In any case, the author then cites a few Asian players that had broken into the American market in the past, and I mean way way back. Think 1963 when Japanese singer Kyu Sakamoto’s "Ue o Muite Aruko" reached the Billboard top charts (number 1!). Then in the late 1970’s, another Japanese player named Pink Lady reached the Billboard charts and even snagged a variety show gig on NBC. But this endeavor ended on a rather tragic note, with their show now “regarded as one of the worst TV shows ever.” Because of these endeavors, the Asian market took a break from the American market. But later in the 90’s, Utada Hiraku and BoA attempted to go West, but even these two did not reach considerable success and focused their attention on their Japanese and Korean audiences.

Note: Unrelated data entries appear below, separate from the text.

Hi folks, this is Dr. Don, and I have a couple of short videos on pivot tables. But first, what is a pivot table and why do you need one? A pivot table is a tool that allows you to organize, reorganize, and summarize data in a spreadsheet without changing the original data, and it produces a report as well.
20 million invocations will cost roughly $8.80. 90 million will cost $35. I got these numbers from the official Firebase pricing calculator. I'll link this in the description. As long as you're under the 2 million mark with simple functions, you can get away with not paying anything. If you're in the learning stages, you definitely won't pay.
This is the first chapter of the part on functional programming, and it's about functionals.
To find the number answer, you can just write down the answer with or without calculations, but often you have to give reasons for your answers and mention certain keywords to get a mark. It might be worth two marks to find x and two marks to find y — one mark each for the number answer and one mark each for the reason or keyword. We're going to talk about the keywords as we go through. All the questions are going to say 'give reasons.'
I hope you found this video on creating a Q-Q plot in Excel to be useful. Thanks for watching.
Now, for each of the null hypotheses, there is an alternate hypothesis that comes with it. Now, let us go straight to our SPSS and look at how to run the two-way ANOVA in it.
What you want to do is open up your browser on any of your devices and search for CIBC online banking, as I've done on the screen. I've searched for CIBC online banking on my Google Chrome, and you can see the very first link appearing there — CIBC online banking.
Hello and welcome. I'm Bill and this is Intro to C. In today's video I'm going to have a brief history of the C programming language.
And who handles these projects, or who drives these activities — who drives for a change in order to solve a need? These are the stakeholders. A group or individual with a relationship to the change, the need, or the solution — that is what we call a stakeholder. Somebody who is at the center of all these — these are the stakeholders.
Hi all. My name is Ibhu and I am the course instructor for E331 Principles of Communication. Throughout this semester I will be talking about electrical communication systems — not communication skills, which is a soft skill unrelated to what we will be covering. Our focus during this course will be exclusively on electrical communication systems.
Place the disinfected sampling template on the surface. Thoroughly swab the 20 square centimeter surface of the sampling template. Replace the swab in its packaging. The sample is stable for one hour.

Perhaps what separates the Wonder Girls from another huge Asian sensation like BoA is that they simply did not assume their success in Asia would translate over to the West. Unlike BoA who simply entered American without much introduction, the Wonder Girls have slowly made worked their way in with their exposure from the Jonas Brothers tour and now, a rather cringe-worthy yet strategically marketed Nickelodeon movie catered to tweens. 

It’s certainly exciting to see Asian faces in the mainstream media, but it’s troubling how even the author concludes with “Even [if the Wonder Girls are not successful], becoming the Korean Cheetah Girls wouldn’t be a bad gig either.” While it makes sense that the “queens” of K-Pop in Asia cannot be expected to meet the same success in a totally different market, it still troubles me that becoming the Korean Cheetah Girls will be considered successful for them. We’ll see, shortly, what will become of their success in the American market. Perhaps most ideally, these Asian girl groups won’t be seen just for their Asian-ness but rather, for their talent and drive.

(Source: The Atlantic)

Tuesday Nov 29

Aziatix wins 'Best New Asian Artist' at the 2011 Mnet Asian Music Awards

Girls’ Generation may have won Artist of the Year, but Generasian’s favorite Asian American trio Aziatix grabbed Best New Asian Artist at this years MAMA (Mnet Asian Music Awards) in Singapore! Congratulations!

Wednesday Nov 2

K-pop group Girls’ Generation, also known as SNSD, recently released their new song “The Boys” with the hope that this song gets serious American radio play. SM Entertainment, who had previously banekd on BoA’s entry into American Pop music, is now counting on Girls’ Generation to be the first Asian group to break into the American pop music scene with its newest single. 

The Korean version of this song is already succeeding as another smash hit single, but will it fare as well in the American music industry? We will just have to wait and see whether SNSD will be the next buzz word, or if it will remain unheard of to the American audience.